An anonymous reader shares a Scientific American article: Programming has changed. In first generation languages like FORTRAN and C, the burden was on programmers to translate high-level concepts into code. With modern programming languages -- I'll use Python as an example -- we use functions, objects, modules, and libraries to extend the language, and that doesn't just make programs better, it changes what programming is. Programming used to be about translation: expressing ideas in natural language, working with them in math notation, then writing flowcharts and pseudocode, and finally writing a program. Translation was necessary because each language offers different capabilities. Natural language is expressive and readable, pseudocode is more precise, math notation is concise, and code is executable. But the price of translation is that we are limited to the subset of ideas we can express effectively in each language. Some ideas that are easy to express computationally are awkward to write in math notation, and the symbolic manipulations we do in math are impossible in most programming languages. The power of modern programming languages is that they are expressive, readable, concise, precise, and executable. That means we can eliminate middleman languages and use one language to explore, learn, teach, and think.

17 of 268 comments (clear)

  1. What? by Anonymous Coward · · Score: 5, Insightful

    With modern programming languages -- I'll use Python as an example -- we use functions, objects, modules, and libraries

    Who writes this shit? Confirming that C uses neither functions nor objects nor modules nor libraries

    1. Re:What? by AchilleTalon · · Score: 4, Insightful

      My first, second and third reaction too. And what you say for C is also true for Fortran. That guy doesn't know what he is talking about. Neither Fortran, nor C are first generation languages as he states it anyway. This article is total crap. Shame on you Scientific American for publishing that shit.

      --
      Achille Talon
      Hop!
    2. Re:What? by PCM2 · · Score: 5, Informative

      Everybody simmer down. TL;DR:

      1. TFA is not an article in Scientific American magazine, it is a "guest blog." Quote: "The views expressed are those of the author(s) and are not necessarily those of Scientific American."

      2. The author teaches computer science at a private undergraduate college. He has written a series of books, all of which use Python examples to explain concepts.

      3. When he talks about "modern languages," he's clearly referring to languages that look and feel a lot like Python. Mainly Python.

      4. When he talks about "eliminating intermediary languages," he means things like pseudocode. He believes (and gives an example to illustrate) that Python is now expressive enough that anything you might previously have expressed in pseudocode you can now express in Python in one go.

      5. From there, he makes the leap that you no longer need to teach computer science from a "math-first" approach; you can instead use a "code-first" approach, where you teach students to "think" in Python.

      6. Hand-waving about the future from there.

      --
      Breakfast served all day!
    3. Re:What? by Anubis+IV · · Score: 5, Informative

      Neither Fortran, nor C are first generation languages

      In fact, every language he mentions in the article is a textbook example of a third-gen language (3GL). I didn't see any mention of even a single first generation language.

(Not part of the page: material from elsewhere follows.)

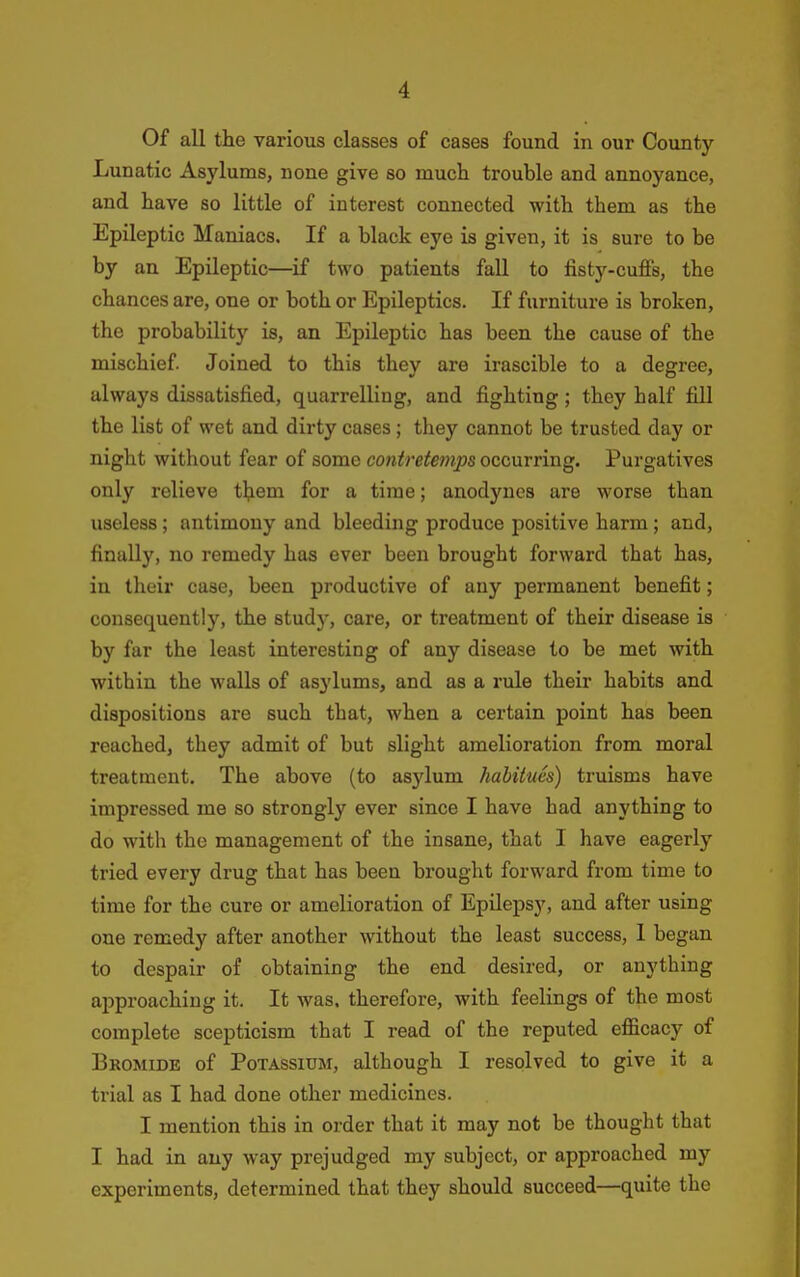 Of all the various classes of cases found in our County Lunatic Asylums, none give so much trouble and annoyance, and have so little of interest connected with them as the Epileptic Maniacs. If a black eye is given, it is sure to be by an Epileptic—if two patients fall to fisty-cuffs, the chances are, one or both or Epileptics. If furniture is broken, the probability is, an Epileptic has been the cause of the mischief Joined to this they are irascible to a degree, always dissatisfied, quarrelling, and fighting; they half fill the list of wet and dirty cases; they cannot be trusted day or night without fear of some contretemps occurring. Purgatives only relieve them for a time; anodynes are worse than useless ; antimony and bleeding produce positive harm; and, finally, no remedy has ever been brought forward that has, in their case, been productive of any permanent benefit; consequently, the study, care, or treatment of their disease is by far the least interesting of any disease to be met with within the walls of asylums, and as a rule their habits and dispositions are such that, when a certain point has been reached, they admit of but slight amelioration from moral treatment. The above (to asylum habitues) truisms have impressed me so strongly ever since I have had anything to do with the management of the insane, that I have eagerly tried every drug that has been brought forward from time to time for the cure or amelioration of Epilepsy, and after using one remedy after another without the least success, I began to despair of obtaining the end desired, or anything approaching it. It Avas. therefore, with feelings of the most complete scepticism that I read of the reputed efficacy of Bromide of Potassium, although I resolved to give it a trial as I had done other medicines. I mention this in order that it may not be thought that I had in any way prejudged my subject, or approached my experiments, determined that they should succeed—quite the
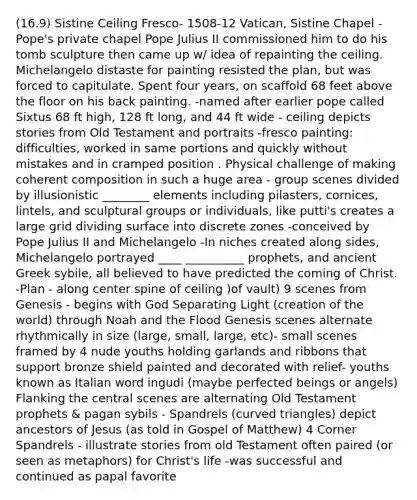 (16.9) Sistine Ceiling Fresco- 1508-12 Vatican, Sistine Chapel - Pope's private chapel Pope Julius II commissioned him to do his tomb sculpture then came up w/ idea of repainting the ceiling. Michelangelo distaste for painting resisted the plan, but was forced to capitulate. Spent four years, on scaffold 68 feet above the floor on his back painting. -named after earlier pope called Sixtus 68 ft high, 128 ft long, and 44 ft wide - ceiling depicts stories from Old Testament and portraits -fresco painting: difficulties, worked in same portions and quickly without mistakes and in cramped position . Physical challenge of making coherent composition in such a huge area - group scenes divided by illusionistic ________ elements including pilasters, cornices, lintels, and sculptural groups or individuals, like putti's creates a large grid dividing surface into discrete zones -conceived by Pope Julius II and Michelangelo -In niches created along sides, Michelangelo portrayed ____ __________ prophets, and ancient Greek sybile, all believed to have predicted the coming of Christ. -Plan - along center spine of ceiling )of vault) 9 scenes from Genesis - begins with God Separating Light (creation of the world) through Noah and the Flood Genesis scenes alternate rhythmically in size (large, small, large, etc)- small scenes framed by 4 nude youths holding garlands and ribbons that support bronze shield painted and decorated with relief- youths known as Italian word ingudi (maybe perfected beings or angels) Flanking the central scenes are alternating Old Testament prophets & pagan sybils - Spandrels (curved triangles) depict ancestors of Jesus (as told in Gospel of Matthew) 4 Corner Spandrels - illustrate stories from old Testament often paired (or seen as metaphors) for Christ's life -was successful and continued as papal favorite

      I'll give him the benefit of the doubt and assume he was trying to keep his writing approachable, but "first generation languages" has had an established meaning in this field for the last several decades, so misusing the terminology just makes it look like he has no idea what he's talking about. A far better way to phrase it would have been "In early high-level languages like FORTRAN and C [...]", since that would have been accurate while also being descriptive enough for most lay people to understand well enough.

      For anyone who doesn't know about them, programming language generations refer to the level of abstraction, NOT to when they were introduced:

      1. 1GL = Machine code. Flipping bits to issue machine-specific instructions
      2. 2GL = Assembly. Using human-readable text to issue basically the same instructions
      3. 3GL = Most high-level programming languages. Abstracting away machine instructions (e.g. using loops and function calls to abstract away jump instructions) to the point that it's both easier to use and mostly machine-independent (e.g. Fortran, COBOL, C, C++, C#, Java, Python, Ruby, Go, Rust, Swift, etc.)
      4. 4GL = Languages that, among other things, abstract generating reports, generating UIs, and/or handling collections of information (e.g. SQL, some 3GLs with libraries, etc.)
      5. 5GL = Languages where you describe the problem and let the computer come up with the algorithm (e.g. Prolog)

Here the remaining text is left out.